— Problem requirements —
Print all entries precisely as they are written.

(Short text fragments from websites)
--------------------------------------------------
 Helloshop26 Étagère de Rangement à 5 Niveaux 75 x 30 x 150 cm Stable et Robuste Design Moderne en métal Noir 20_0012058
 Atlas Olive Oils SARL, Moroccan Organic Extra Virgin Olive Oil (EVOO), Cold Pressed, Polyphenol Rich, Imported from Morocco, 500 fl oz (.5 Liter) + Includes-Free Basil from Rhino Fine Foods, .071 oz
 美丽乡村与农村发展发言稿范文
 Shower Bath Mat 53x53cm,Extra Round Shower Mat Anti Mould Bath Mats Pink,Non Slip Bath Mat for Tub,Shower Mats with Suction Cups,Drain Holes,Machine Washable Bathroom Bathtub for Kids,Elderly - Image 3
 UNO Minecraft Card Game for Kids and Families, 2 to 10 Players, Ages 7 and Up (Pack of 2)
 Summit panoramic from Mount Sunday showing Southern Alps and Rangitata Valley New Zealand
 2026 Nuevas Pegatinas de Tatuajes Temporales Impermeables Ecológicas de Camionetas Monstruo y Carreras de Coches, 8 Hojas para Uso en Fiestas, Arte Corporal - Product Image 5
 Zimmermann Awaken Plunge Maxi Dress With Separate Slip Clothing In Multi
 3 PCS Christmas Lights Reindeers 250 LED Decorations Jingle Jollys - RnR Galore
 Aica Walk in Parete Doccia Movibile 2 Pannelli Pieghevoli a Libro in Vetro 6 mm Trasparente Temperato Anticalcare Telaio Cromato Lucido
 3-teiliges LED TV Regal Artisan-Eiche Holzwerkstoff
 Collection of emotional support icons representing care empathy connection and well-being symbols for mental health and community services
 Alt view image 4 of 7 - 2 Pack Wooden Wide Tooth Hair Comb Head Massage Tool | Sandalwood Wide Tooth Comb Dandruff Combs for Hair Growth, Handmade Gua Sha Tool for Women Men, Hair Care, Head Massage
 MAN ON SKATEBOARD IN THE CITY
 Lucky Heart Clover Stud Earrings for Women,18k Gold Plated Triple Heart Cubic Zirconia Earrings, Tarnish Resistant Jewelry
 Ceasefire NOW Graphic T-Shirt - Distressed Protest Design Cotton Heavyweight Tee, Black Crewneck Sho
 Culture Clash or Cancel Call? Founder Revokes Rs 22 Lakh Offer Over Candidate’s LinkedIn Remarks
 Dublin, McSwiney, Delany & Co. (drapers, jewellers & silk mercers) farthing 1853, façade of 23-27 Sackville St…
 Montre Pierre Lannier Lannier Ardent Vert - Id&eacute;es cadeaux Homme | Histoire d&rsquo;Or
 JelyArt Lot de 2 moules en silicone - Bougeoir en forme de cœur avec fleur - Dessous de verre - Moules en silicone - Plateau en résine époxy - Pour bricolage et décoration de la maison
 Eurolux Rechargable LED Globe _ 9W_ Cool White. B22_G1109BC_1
--------------------------------------------------
— Output —
 Helloshop26 Étagère de Rangement à 5 Niveaux 75 x 30 x 150 cm Stable et Robuste Design Moderne en métal Noir 20_0012058
 Atlas Olive Oils SARL, Moroccan Organic Extra Virgin Olive Oil (EVOO), Cold Pressed, Polyphenol Rich, Imported from Morocco, 500 fl oz (.5 Liter) + Includes-Free Basil from Rhino Fine Foods, .071 oz
 美丽乡村与农村发展发言稿范文
 Shower Bath Mat 53x53cm,Extra Round Shower Mat Anti Mould Bath Mats Pink,Non Slip Bath Mat for Tub,Shower Mats with Suction Cups,Drain Holes,Machine Washable Bathroom Bathtub for Kids,Elderly - Image 3
 UNO Minecraft Card Game for Kids and Families, 2 to 10 Players, Ages 7 and Up (Pack of 2)
 Summit panoramic from Mount Sunday showing Southern Alps and Rangitata Valley New Zealand
 2026 Nuevas Pegatinas de Tatuajes Temporales Impermeables Ecológicas de Camionetas Monstruo y Carreras de Coches, 8 Hojas para Uso en Fiestas, Arte Corporal - Product Image 5
 Zimmermann Awaken Plunge Maxi Dress With Separate Slip Clothing In Multi
 3 PCS Christmas Lights Reindeers 250 LED Decorations Jingle Jollys - RnR Galore
 Aica Walk in Parete Doccia Movibile 2 Pannelli Pieghevoli a Libro in Vetro 6 mm Trasparente Temperato Anticalcare Telaio Cromato Lucido
 3-teiliges LED TV Regal Artisan-Eiche Holzwerkstoff
 Collection of emotional support icons representing care empathy connection and well-being symbols for mental health and community services
 Alt view image 4 of 7 - 2 Pack Wooden Wide Tooth Hair Comb Head Massage Tool | Sandalwood Wide Tooth Comb Dandruff Combs for Hair Growth, Handmade Gua Sha Tool for Women Men, Hair Care, Head Massage
 MAN ON SKATEBOARD IN THE CITY
 Lucky Heart Clover Stud Earrings for Women,18k Gold Plated Triple Heart Cubic Zirconia Earrings, Tarnish Resistant Jewelry
 Ceasefire NOW Graphic T-Shirt - Distressed Protest Design Cotton Heavyweight Tee, Black Crewneck Sho
 Culture Clash or Cancel Call? Founder Revokes Rs 22 Lakh Offer Over Candidate’s LinkedIn Remarks
 Dublin, McSwiney, Delany & Co. (drapers, jewellers & silk mercers) farthing 1853, façade of 23-27 Sackville St…
 Montre Pierre Lannier Lannier Ardent Vert - Id&eacute;es cadeaux Homme | Histoire d&rsquo;Or
 JelyArt Lot de 2 moules en silicone - Bougeoir en forme de cœur avec fleur - Dessous de verre - Moules en silicone - Plateau en résine époxy - Pour bricolage et décoration de la maison
 Eurolux Rechargable LED Globe _ 9W_ Cool White. B22_G1109BC_1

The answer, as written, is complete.